What would follow impeachment trials -- assuming Bush and Cheney don't do a Nixon and resign first? One would hope that the political lessons would have been learned by those next in line -- be it Hastert or Stevens or Rice or Rumsfeld. Whoever would take over from Bush would be reading the 2006 pre-election polls and, realizing that the Republicans are going to be swept out of power bigtime (to even try to manipulate the election returns in that kind of landslide atmosphere would be counterproductive), might well abandon the imperial adventuring and corporate looting and advocacy of torture as state policy and shredding of Constitutional protections, etc. etc.
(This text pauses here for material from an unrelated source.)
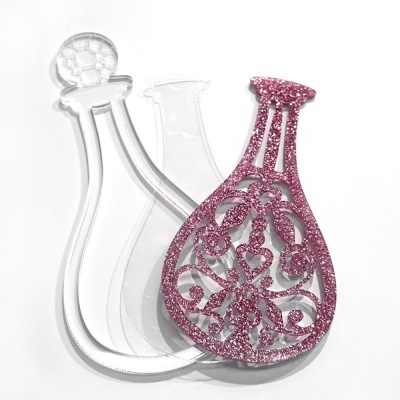 Molde acrílico transparente de garrafa com peça cor-de-rosa brilhante em padrão detalhado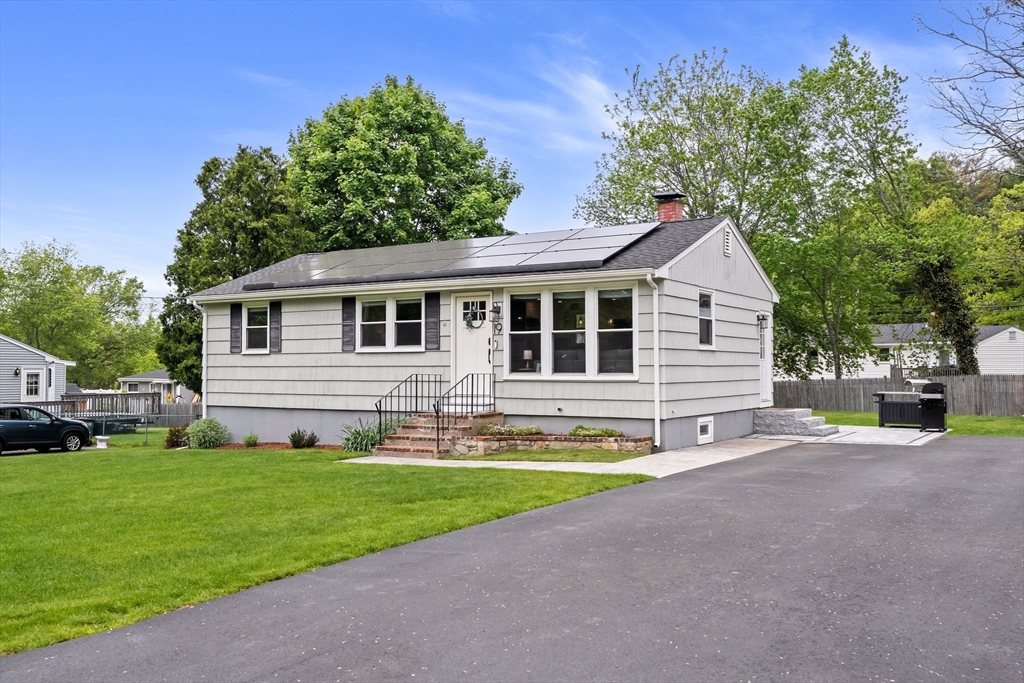 19 Burr Ave Property Photo 2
In other words, there would be some movement toward the middle.

McCARTHYISM IN THE BUSH ERA

Which brings us back to "Good Night, and Good Luck." Something similar happened to Sen. Joseph McCarthy in the '50s: He was riding as high as any political demagogue could rise, for years virtually controlling the government and America's socio-political agenda in his anti-communist frenzy -- ruining the reputations of honorable men and women with impunity -- and then, suddenly, he went too far, was shamed and humiliated and was isolated by his fellow senators and his powers removed. He died of alcoholism-related diseases a few years later.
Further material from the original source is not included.